• _HOW TO COMPLETE THIS TASK_: Go from the first line below to the one with "TOMMY JEANS Spijkerbroek" and print each line exactly.

• _DATA_:
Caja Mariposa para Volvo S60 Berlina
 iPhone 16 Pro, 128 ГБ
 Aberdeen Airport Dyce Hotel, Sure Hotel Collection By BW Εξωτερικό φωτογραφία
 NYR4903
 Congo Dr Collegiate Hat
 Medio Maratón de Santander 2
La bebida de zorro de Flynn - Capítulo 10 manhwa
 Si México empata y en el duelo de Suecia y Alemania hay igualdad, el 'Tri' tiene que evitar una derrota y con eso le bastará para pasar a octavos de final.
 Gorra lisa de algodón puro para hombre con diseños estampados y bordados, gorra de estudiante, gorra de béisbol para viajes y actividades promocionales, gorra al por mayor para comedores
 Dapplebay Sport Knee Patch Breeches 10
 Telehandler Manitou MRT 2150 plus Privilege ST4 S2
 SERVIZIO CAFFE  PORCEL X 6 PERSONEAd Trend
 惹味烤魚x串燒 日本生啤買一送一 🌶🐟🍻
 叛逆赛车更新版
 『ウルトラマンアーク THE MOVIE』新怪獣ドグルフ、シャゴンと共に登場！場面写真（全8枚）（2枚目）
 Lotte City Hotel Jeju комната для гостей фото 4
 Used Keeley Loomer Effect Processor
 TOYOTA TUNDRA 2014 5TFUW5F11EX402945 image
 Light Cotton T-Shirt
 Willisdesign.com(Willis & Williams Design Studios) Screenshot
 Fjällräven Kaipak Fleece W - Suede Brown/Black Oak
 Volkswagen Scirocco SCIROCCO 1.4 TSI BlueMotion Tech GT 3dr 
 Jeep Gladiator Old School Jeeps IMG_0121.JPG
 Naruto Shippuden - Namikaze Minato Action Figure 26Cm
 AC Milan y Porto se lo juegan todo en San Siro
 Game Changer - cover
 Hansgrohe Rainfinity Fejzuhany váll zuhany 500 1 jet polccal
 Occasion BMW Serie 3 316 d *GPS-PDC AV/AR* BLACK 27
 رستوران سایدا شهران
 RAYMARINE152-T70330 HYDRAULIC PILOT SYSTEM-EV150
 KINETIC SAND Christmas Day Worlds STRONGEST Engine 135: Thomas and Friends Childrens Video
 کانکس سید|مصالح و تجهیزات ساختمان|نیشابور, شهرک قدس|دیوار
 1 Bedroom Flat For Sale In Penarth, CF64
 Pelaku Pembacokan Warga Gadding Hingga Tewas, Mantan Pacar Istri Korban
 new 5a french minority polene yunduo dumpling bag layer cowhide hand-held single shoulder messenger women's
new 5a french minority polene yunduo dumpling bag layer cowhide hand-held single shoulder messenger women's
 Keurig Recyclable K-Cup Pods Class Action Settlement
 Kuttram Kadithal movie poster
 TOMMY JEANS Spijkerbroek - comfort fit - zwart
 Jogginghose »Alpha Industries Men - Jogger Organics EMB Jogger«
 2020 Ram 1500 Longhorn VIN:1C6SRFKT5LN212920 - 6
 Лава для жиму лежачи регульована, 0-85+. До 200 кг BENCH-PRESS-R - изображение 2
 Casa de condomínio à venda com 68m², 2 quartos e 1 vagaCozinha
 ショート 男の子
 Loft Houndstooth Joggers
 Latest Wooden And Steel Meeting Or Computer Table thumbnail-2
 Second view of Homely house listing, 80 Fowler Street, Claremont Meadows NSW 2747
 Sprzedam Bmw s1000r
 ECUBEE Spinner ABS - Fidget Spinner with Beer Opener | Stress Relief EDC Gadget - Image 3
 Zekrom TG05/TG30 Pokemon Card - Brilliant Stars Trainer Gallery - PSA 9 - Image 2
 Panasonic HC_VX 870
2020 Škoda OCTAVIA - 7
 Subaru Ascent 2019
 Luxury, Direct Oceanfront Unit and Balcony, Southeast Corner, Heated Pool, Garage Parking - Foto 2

• _EXERCISE ANSWER_:
Caja Mariposa para Volvo S60 Berlina
 iPhone 16 Pro, 128 ГБ
 Aberdeen Airport Dyce Hotel, Sure Hotel Collection By BW Εξωτερικό φωτογραφία
 NYR4903
 Congo Dr Collegiate Hat
 Medio Maratón de Santander 2
La bebida de zorro de Flynn - Capítulo 10 manhwa
 Si México empata y en el duelo de Suecia y Alemania hay igualdad, el 'Tri' tiene que evitar una derrota y con eso le bastará para pasar a octavos de final.
 Gorra lisa de algodón puro para hombre con diseños estampados y bordados, gorra de estudiante, gorra de béisbol para viajes y actividades promocionales, gorra al por mayor para comedores
 Dapplebay Sport Knee Patch Breeches 10
 Telehandler Manitou MRT 2150 plus Privilege ST4 S2
 SERVIZIO CAFFE  PORCEL X 6 PERSONEAd Trend
 惹味烤魚x串燒 日本生啤買一送一 🌶🐟🍻
 叛逆赛车更新版
 『ウルトラマンアーク THE MOVIE』新怪獣ドグルフ、シャゴンと共に登場！場面写真（全8枚）（2枚目）
 Lotte City Hotel Jeju комната для гостей фото 4
 Used Keeley Loomer Effect Processor
 TOYOTA TUNDRA 2014 5TFUW5F11EX402945 image
 Light Cotton T-Shirt
 Willisdesign.com(Willis & Williams Design Studios) Screenshot
 Fjällräven Kaipak Fleece W - Suede Brown/Black Oak
 Volkswagen Scirocco SCIROCCO 1.4 TSI BlueMotion Tech GT 3dr 
 Jeep Gladiator Old School Jeeps IMG_0121.JPG
 Naruto Shippuden - Namikaze Minato Action Figure 26Cm
 AC Milan y Porto se lo juegan todo en San Siro
 Game Changer - cover
 Hansgrohe Rainfinity Fejzuhany váll zuhany 500 1 jet polccal
 Occasion BMW Serie 3 316 d *GPS-PDC AV/AR* BLACK 27
 رستوران سایدا شهران
 RAYMARINE152-T70330 HYDRAULIC PILOT SYSTEM-EV150
 KINETIC SAND Christmas Day Worlds STRONGEST Engine 135: Thomas and Friends Childrens Video
 کانکس سید|مصالح و تجهیزات ساختمان|نیشابور, شهرک قدس|دیوار
 1 Bedroom Flat For Sale In Penarth, CF64
 Pelaku Pembacokan Warga Gadding Hingga Tewas, Mantan Pacar Istri Korban
 new 5a french minority polene yunduo dumpling bag layer cowhide hand-held single shoulder messenger women's
new 5a french minority polene yunduo dumpling bag layer cowhide hand-held single shoulder messenger women's
 Keurig Recyclable K-Cup Pods Class Action Settlement
 Kuttram Kadithal movie poster
 TOMMY JEANS Spijkerbroek - comfort fit - zwart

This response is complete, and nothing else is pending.